- Prompt -
Within the records below, find the line with "Poolesville, MD 20837" and the line with "Mercedes-Benz GLA 2020 GLA 180 — миниатюра 2", then reproduce exactly those two lines and all lines between them, without any picture.

- Supplied entries -
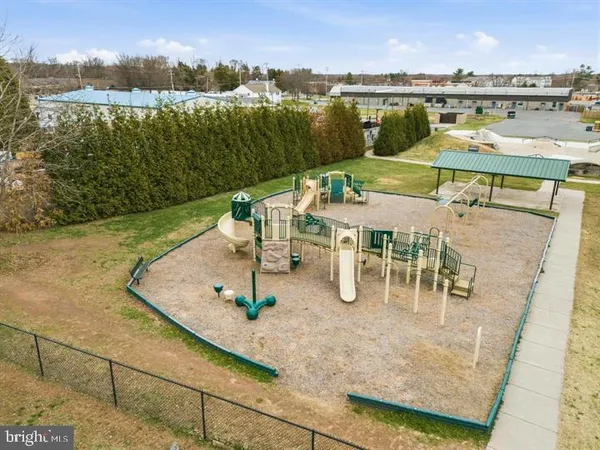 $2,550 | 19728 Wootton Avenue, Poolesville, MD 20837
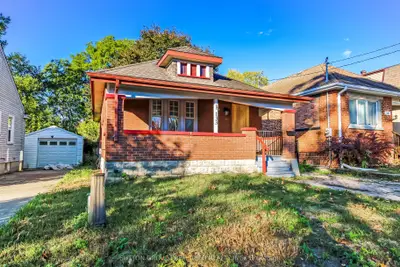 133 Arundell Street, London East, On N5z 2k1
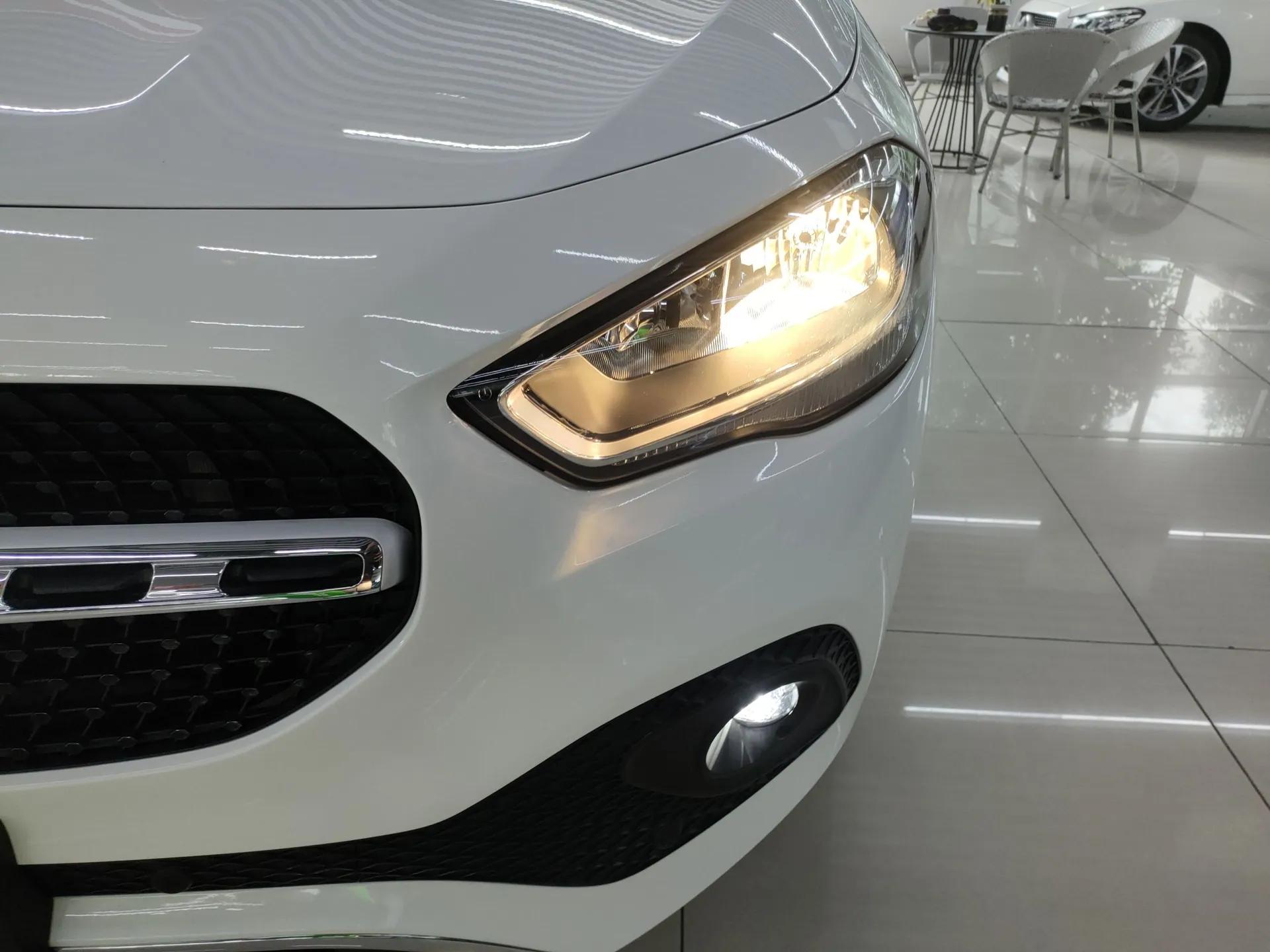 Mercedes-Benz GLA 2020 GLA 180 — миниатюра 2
* * *
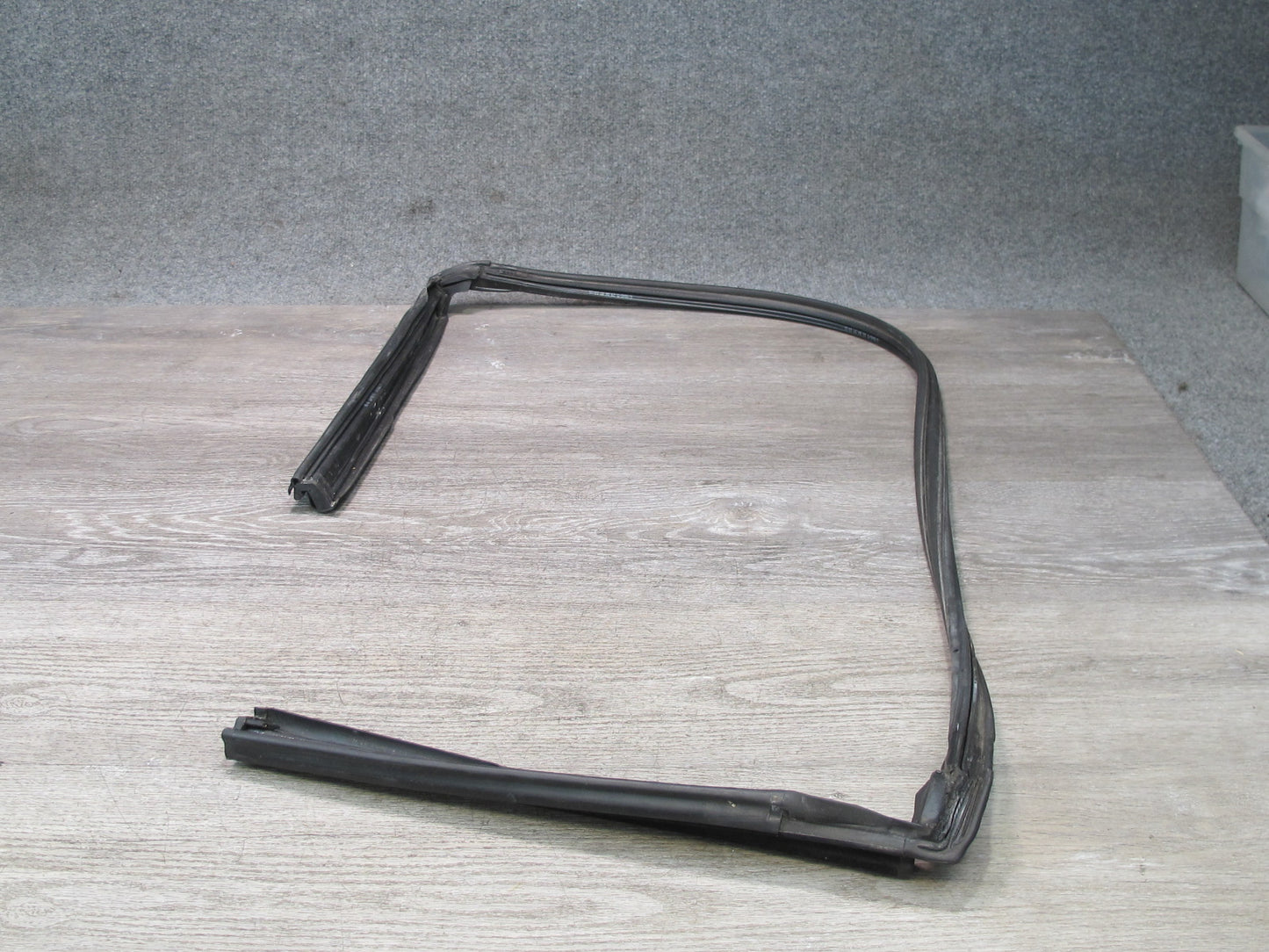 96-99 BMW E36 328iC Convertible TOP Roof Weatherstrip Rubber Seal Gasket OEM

- Answer for this exercise -
 $2,550 | 19728 Wootton Avenue, Poolesville, MD 20837
 133 Arundell Street, London East, On N5z 2k1
 Mercedes-Benz GLA 2020 GLA 180 — миниатюра 2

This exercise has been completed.